Start of Block
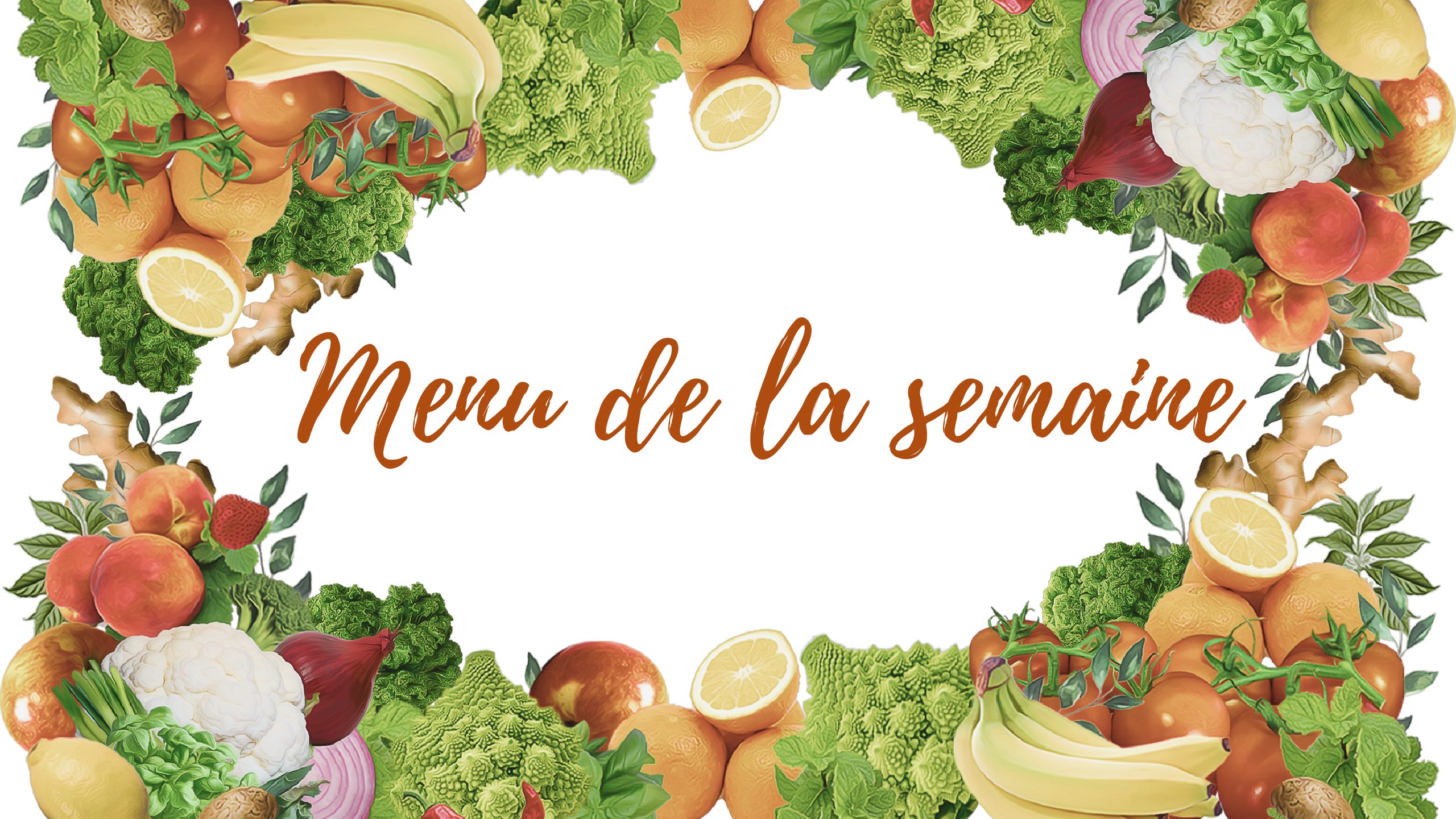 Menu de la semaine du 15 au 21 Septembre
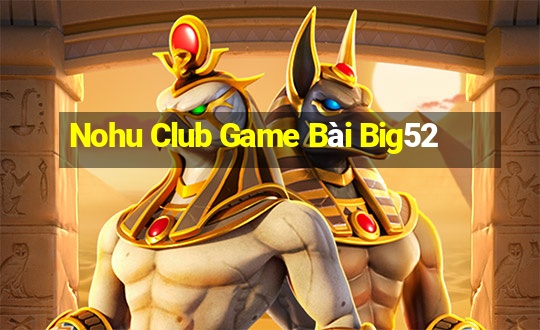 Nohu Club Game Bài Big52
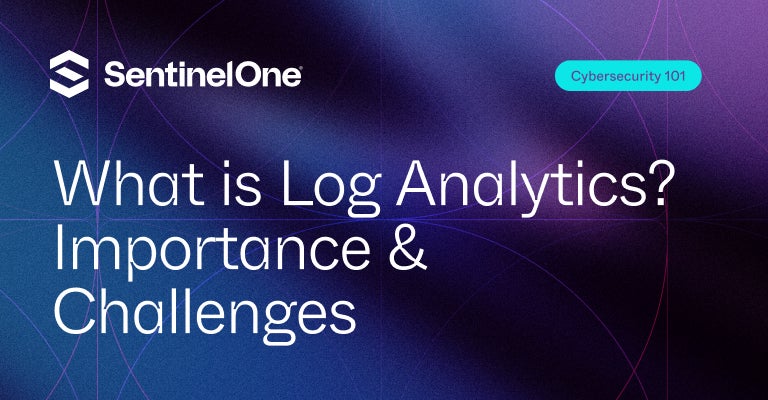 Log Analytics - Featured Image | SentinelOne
End of Block
▶ Try it
Exactly the lines from the one containing "Nohu Club Game Bài Big52" through the last line of the data above should be output, both ends included, with every picture left out.

▶ Answer below
 Nohu Club Game Bài Big52
 Log Analytics - Featured Image | SentinelOne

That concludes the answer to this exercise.